La vertu de la réserve prônée par les Japonais est mise en évidence quand Komako dément le bavardage intempestif de la masseuse : « C’est du roman à bon marché, dirait-on. Mais ce n’est pas vrai. Je n’ai jamais été sa fiancée […] Je ne suis pas non plus devenue geisha pour porter aide à qui que ce soit ». Elle ajoute : « Néanmoins je dois beaucoup à sa mère, et il était naturel que je fasse ce que je pouvais. » Cette phrase peu explicite, sans démentir la première partie de son propos, ouvre le champ de tous les possibles.
L’art du secret
Comme tout art, la littérature a la liberté d’utiliser le sexe à des fins créatives. Chez Kawabata, les relations entre les personnes (dont les relations amoureuses) sont des ressorts invisibles qui font se mouvoir (et s’émouvoir) les protagonistes sans jamais les dévoiler totalement. Le mystère de l’affectivité et de l’érotisme qui se déploie à mots couverts dans ce roman est l’antinomie même de l’exhibitionnisme pornographique qui, particulièrement depuis quelques décennies, se déchaine un peu partout dans le monde, non à des fins artistiques, mais à des fins marchandes.
L’art du cadeau
« Pays de neige », récit animé d’un véritable souffle poétique est à lire ligne à ligne, mot à mot avec la mesure que requiert la lecture de toute poésie. Lire ce livre c’est ouvrir un cadeau avec la lenteur exquise des gestes qui retardent le moment de la découverte finale du contenu.

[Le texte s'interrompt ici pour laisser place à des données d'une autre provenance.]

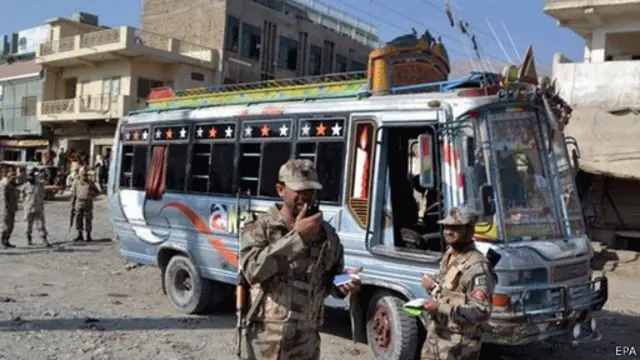 තුවක්කු කරුවන්ගේ වෙඩි ප්රහාරයට ලක් වූ බස් රථය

Ici rien n’est donné, tout est offert. Rien n’est explicite, tout est suggéré.
Kawabata montre (sans jamais démontrer) qu’aucune relation n’est simple, que la réalité est difficile à cerner, que l’amour demeure un mystère, que la beauté est omniprésente. Il laisse au lecteur la liberté de l’interprétation.
Lire un livre, en particulier celui-ci, c’est pénétrer en pays étranger pour rencontrer des inconnus, et si on veut vraiment connaître et comprendre ces inconnus patience et attention sont de rigueur. « Pays de neige » est un grand roman.
Georges Bogey, juin 2014
Yasunari Kawabata (1899-1972) premier Japonais à obtenir le Prix Nobel de littérature (1968) laisse une œuvre considérable dont la portée est universelle. « Pays de Neige » paru en 1948 a été traduit en France en 1960.
*Une geisha est une sorte dame de compagnie élégante et raffinée, payée pour proposer à des clients [généralement riches et cultivés] le spectacle des différents arts qu’elle maitrise. Une geisha sait, entre autres, danser, chanter, jouer d’un instrument de musique, dire de la poésie, elle connaît tous les rites et usages de la société traditionnelle japonaise, elle a assez de culture pour tenir une conversation avec ses clients, quels qu’ils soient. Contrairement à certaines idées reçues, une geisha n’est pas une prostituée. Personne ne peut la contraindre à coucher avec ses clients. Celles qui le font le font de leur plein gré.